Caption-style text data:
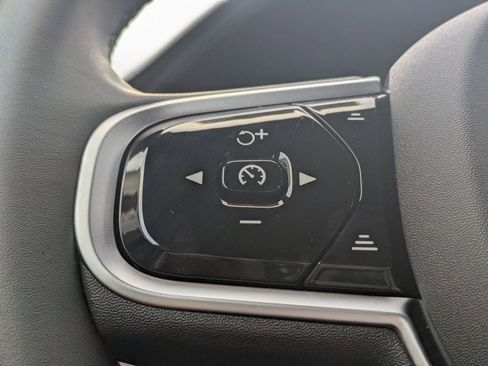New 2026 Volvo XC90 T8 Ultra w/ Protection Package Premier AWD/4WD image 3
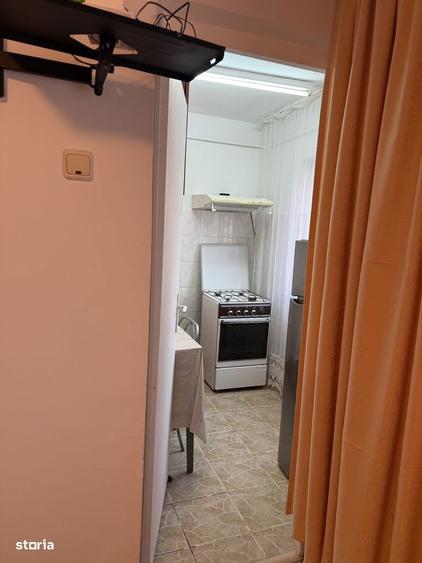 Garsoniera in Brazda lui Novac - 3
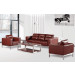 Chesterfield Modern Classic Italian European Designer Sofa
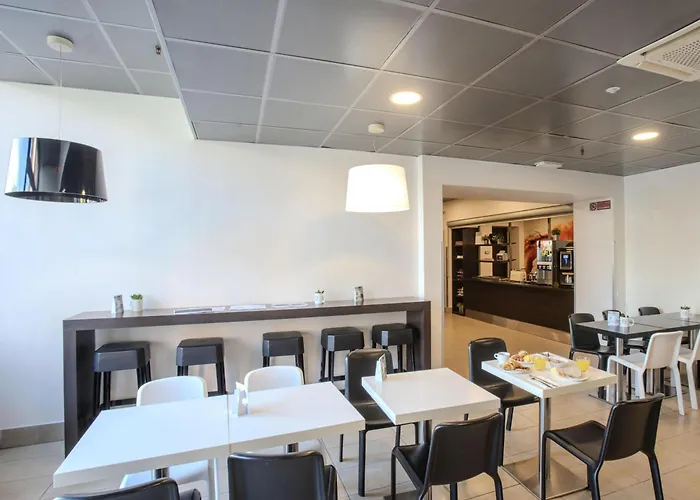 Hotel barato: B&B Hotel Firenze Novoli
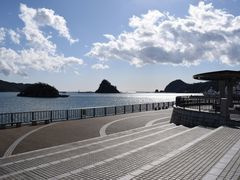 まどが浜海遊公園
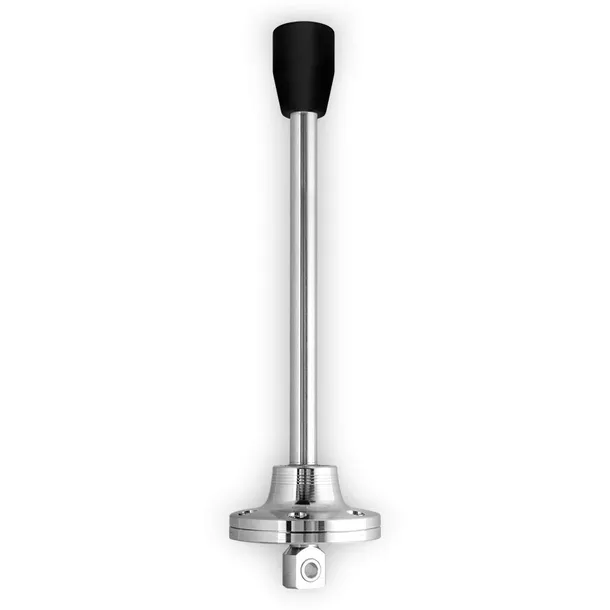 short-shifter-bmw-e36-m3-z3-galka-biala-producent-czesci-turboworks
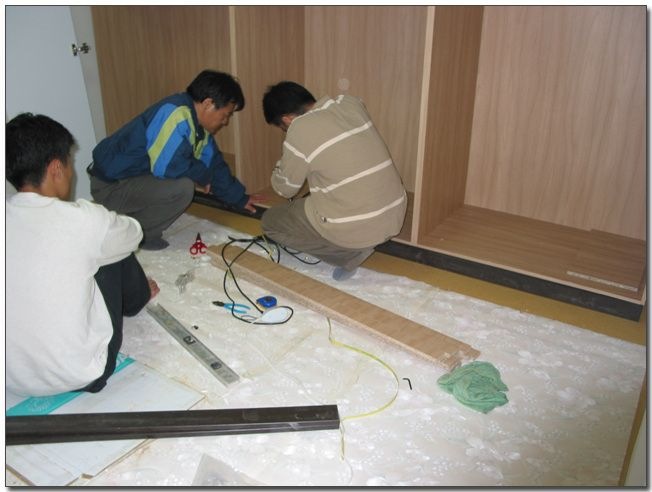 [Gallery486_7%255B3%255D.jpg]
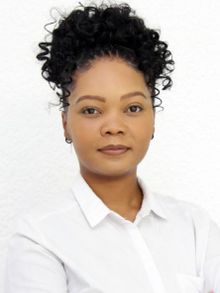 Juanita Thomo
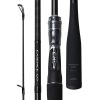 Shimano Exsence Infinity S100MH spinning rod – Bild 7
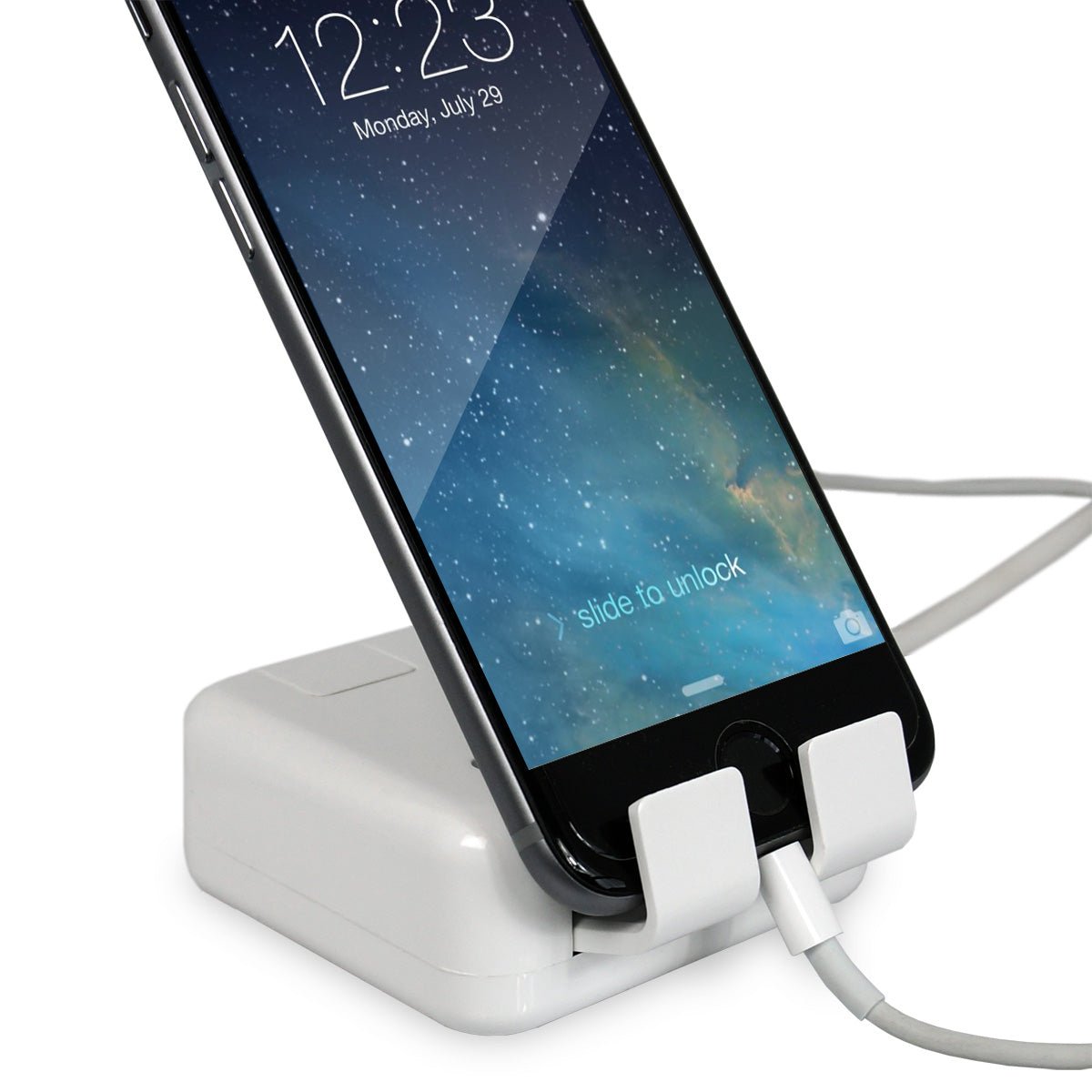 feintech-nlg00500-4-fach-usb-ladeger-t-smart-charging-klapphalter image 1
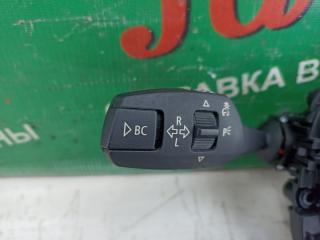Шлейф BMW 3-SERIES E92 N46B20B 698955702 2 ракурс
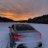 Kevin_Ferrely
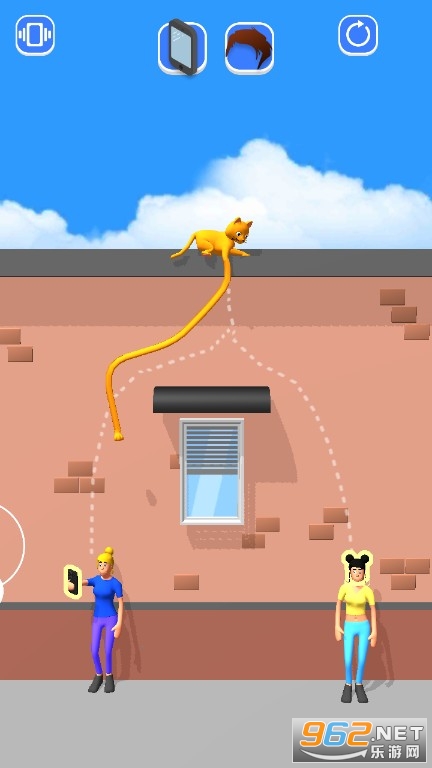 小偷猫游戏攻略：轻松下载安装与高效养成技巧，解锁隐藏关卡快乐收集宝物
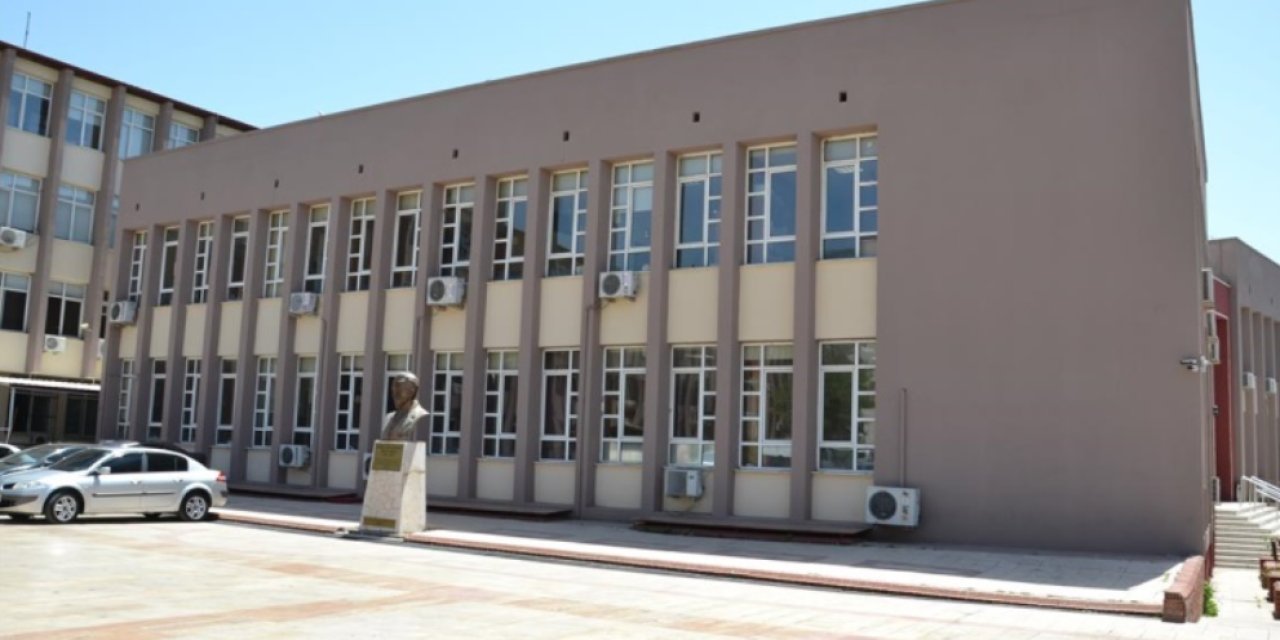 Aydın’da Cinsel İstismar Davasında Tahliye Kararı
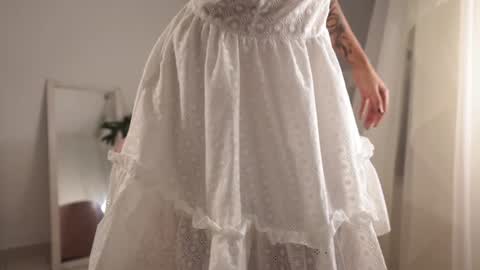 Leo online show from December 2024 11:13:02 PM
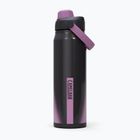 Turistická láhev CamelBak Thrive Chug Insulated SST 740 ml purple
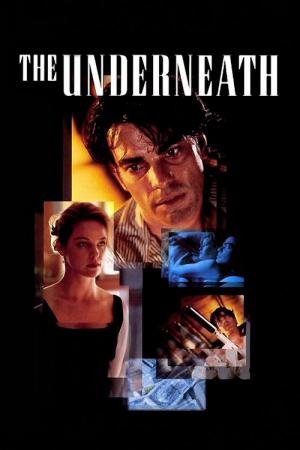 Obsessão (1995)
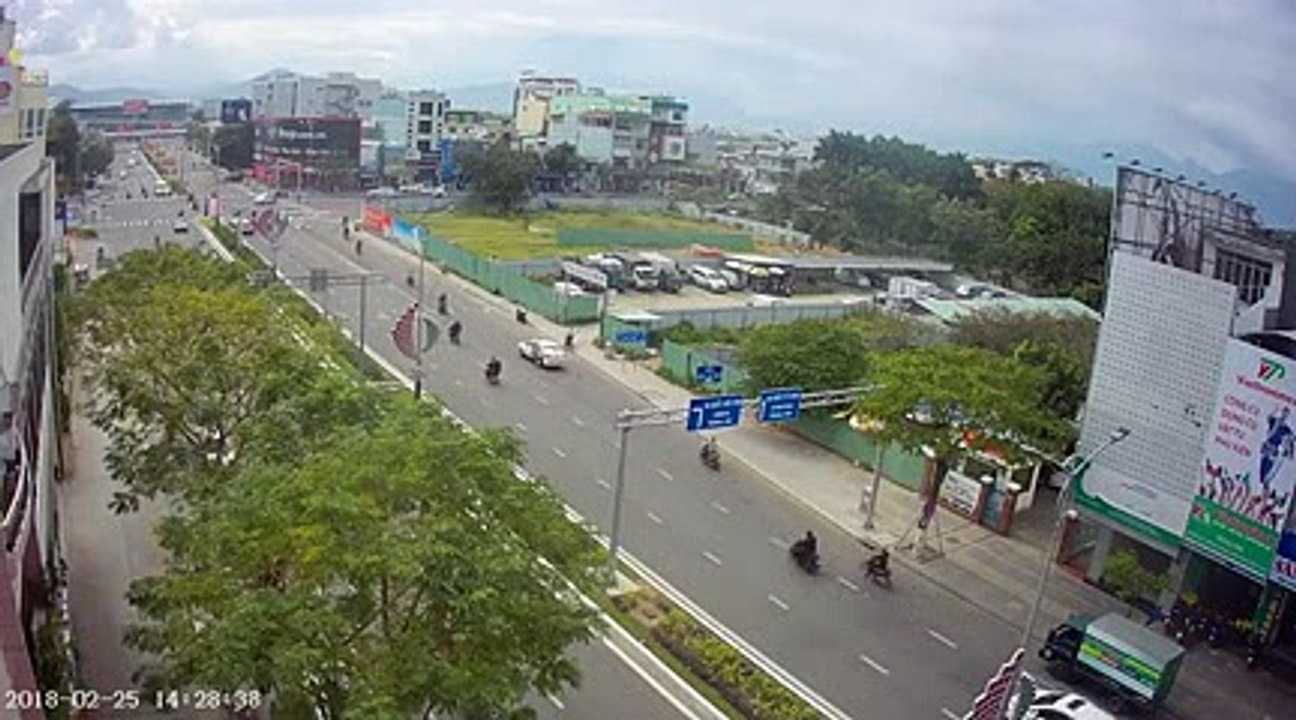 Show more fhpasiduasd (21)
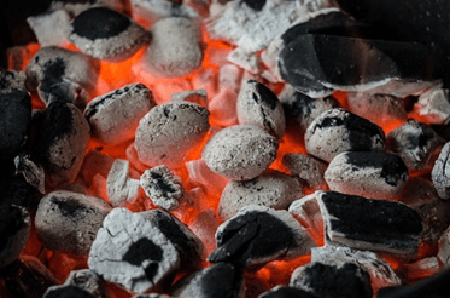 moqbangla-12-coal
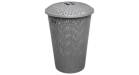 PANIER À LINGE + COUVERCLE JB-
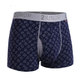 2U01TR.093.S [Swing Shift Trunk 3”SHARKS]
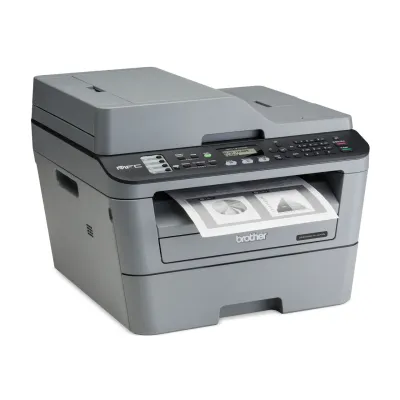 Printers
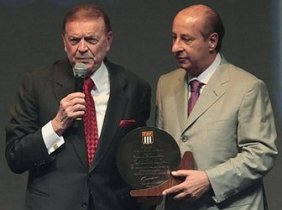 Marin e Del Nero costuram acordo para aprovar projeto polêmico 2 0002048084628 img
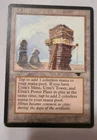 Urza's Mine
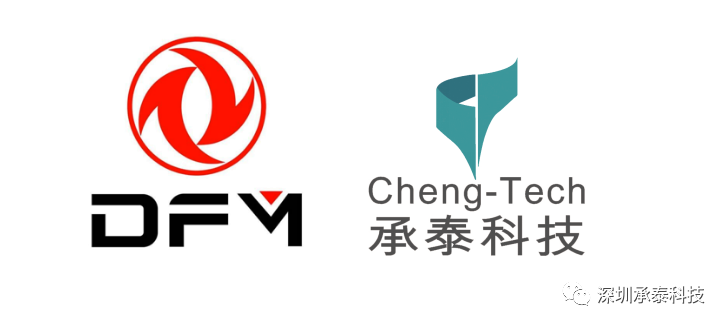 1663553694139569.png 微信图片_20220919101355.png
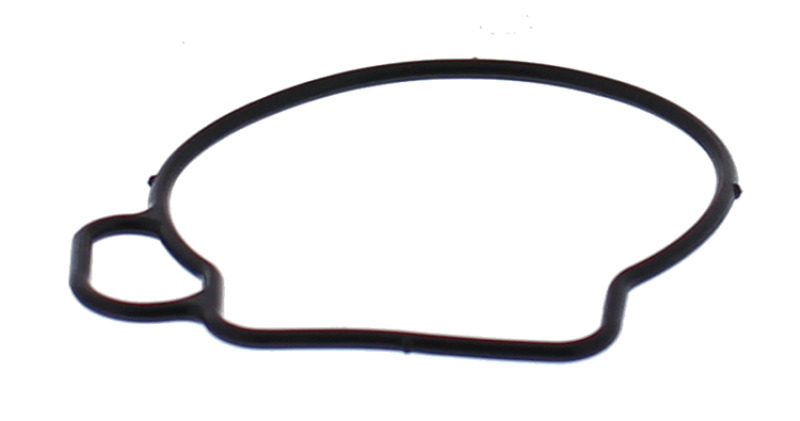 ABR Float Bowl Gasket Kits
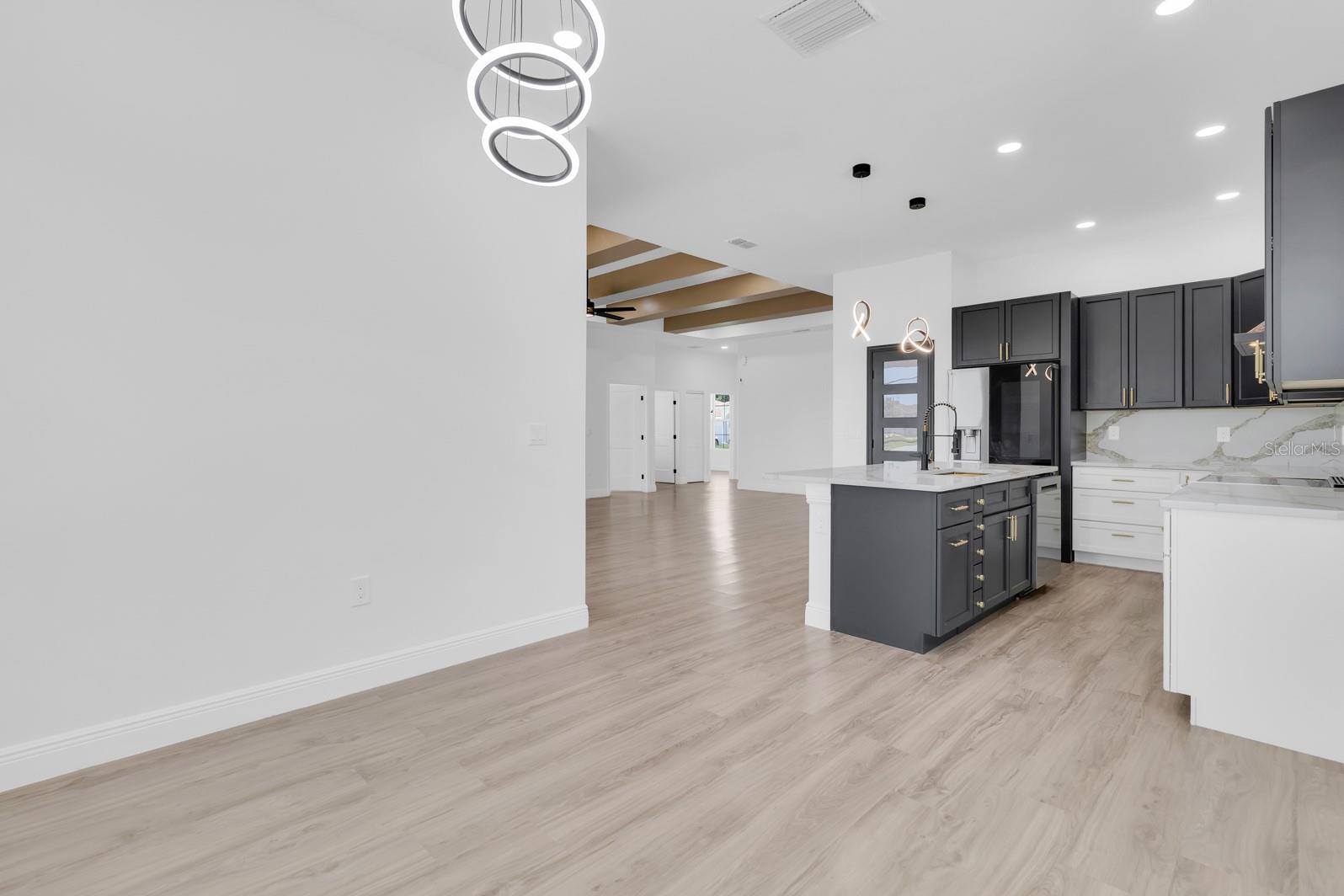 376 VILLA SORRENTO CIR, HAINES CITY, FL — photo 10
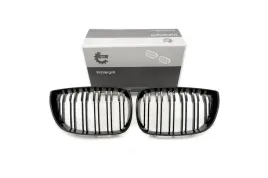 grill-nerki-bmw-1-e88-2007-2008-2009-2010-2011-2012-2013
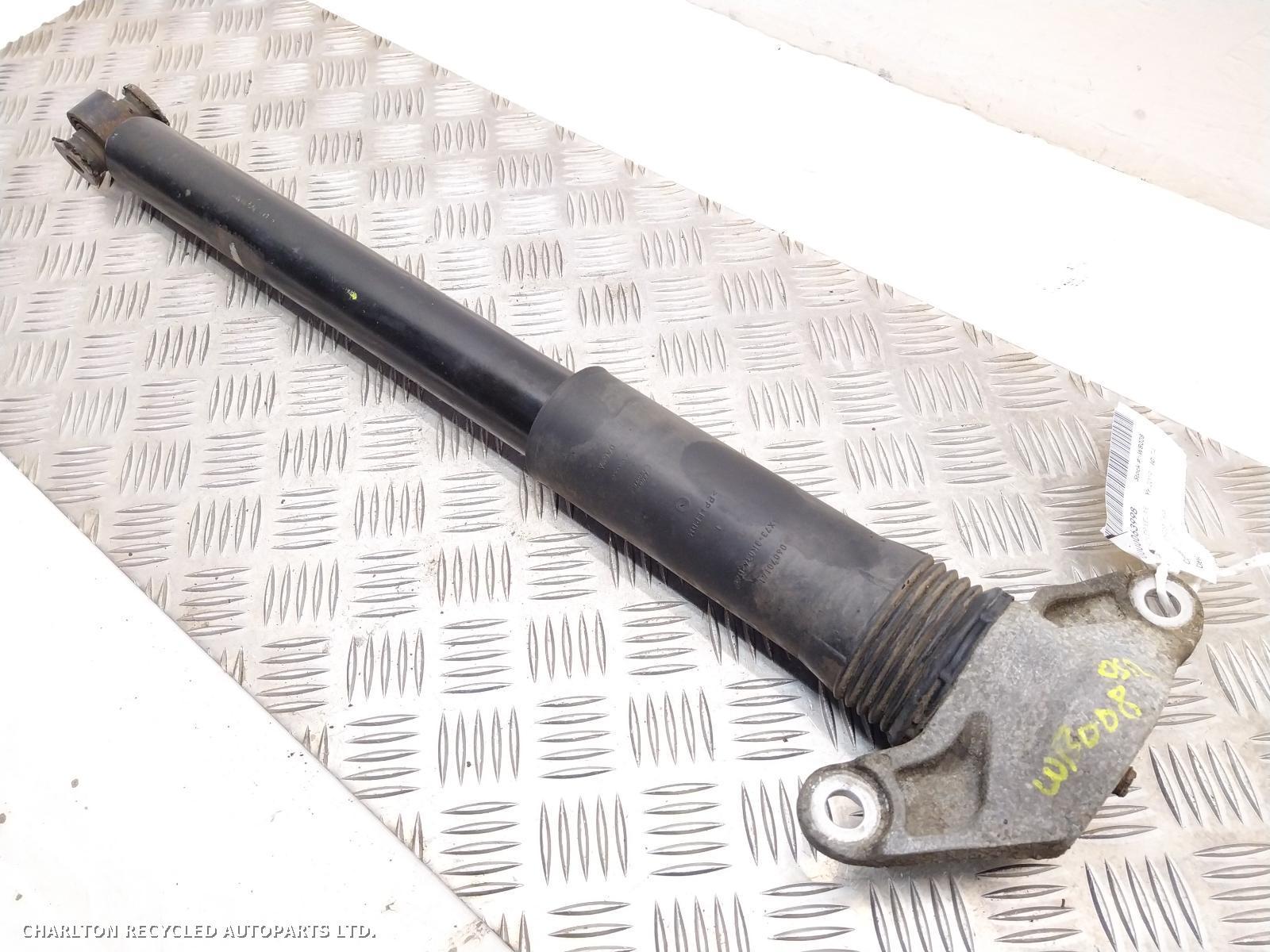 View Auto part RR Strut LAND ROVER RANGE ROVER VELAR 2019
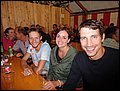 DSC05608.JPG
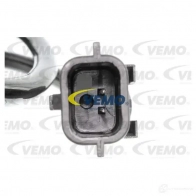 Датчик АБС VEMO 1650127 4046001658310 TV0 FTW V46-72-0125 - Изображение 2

EXERCISE INSTRUCTIONS: Between and including the line above that contains "小偷猫游戏攻略：轻松下载安装与高效养成技巧，解锁隐藏关卡快乐收集宝物" and the line that contains "DSC05608.JPG", restate every line word for word. Pictures stay out.

EXERCISE RESULT:
 小偷猫游戏攻略：轻松下载安装与高效养成技巧，解锁隐藏关卡快乐收集宝物
 Aydın’da Cinsel İstismar Davasında Tahliye Kararı
 Leo online show from December 2024 11:13:02 PM
 Turistická láhev CamelBak Thrive Chug Insulated SST 740 ml purple
 Obsessão (1995)
 Show more fhpasiduasd (21)
 moqbangla-12-coal
 PANIER À LINGE + COUVERCLE JB-
 2U01TR.093.S [Swing Shift Trunk 3”SHARKS]
 Printers
 Marin e Del Nero costuram acordo para aprovar projeto polêmico 2 0002048084628 img
 Urza's Mine
 1663553694139569.png 微信图片_20220919101355.png
 ABR Float Bowl Gasket Kits
 376 VILLA SORRENTO CIR, HAINES CITY, FL — photo 10
 grill-nerki-bmw-1-e88-2007-2008-2009-2010-2011-2012-2013
 View Auto part RR Strut LAND ROVER RANGE ROVER VELAR 2019
 DSC05608.JPG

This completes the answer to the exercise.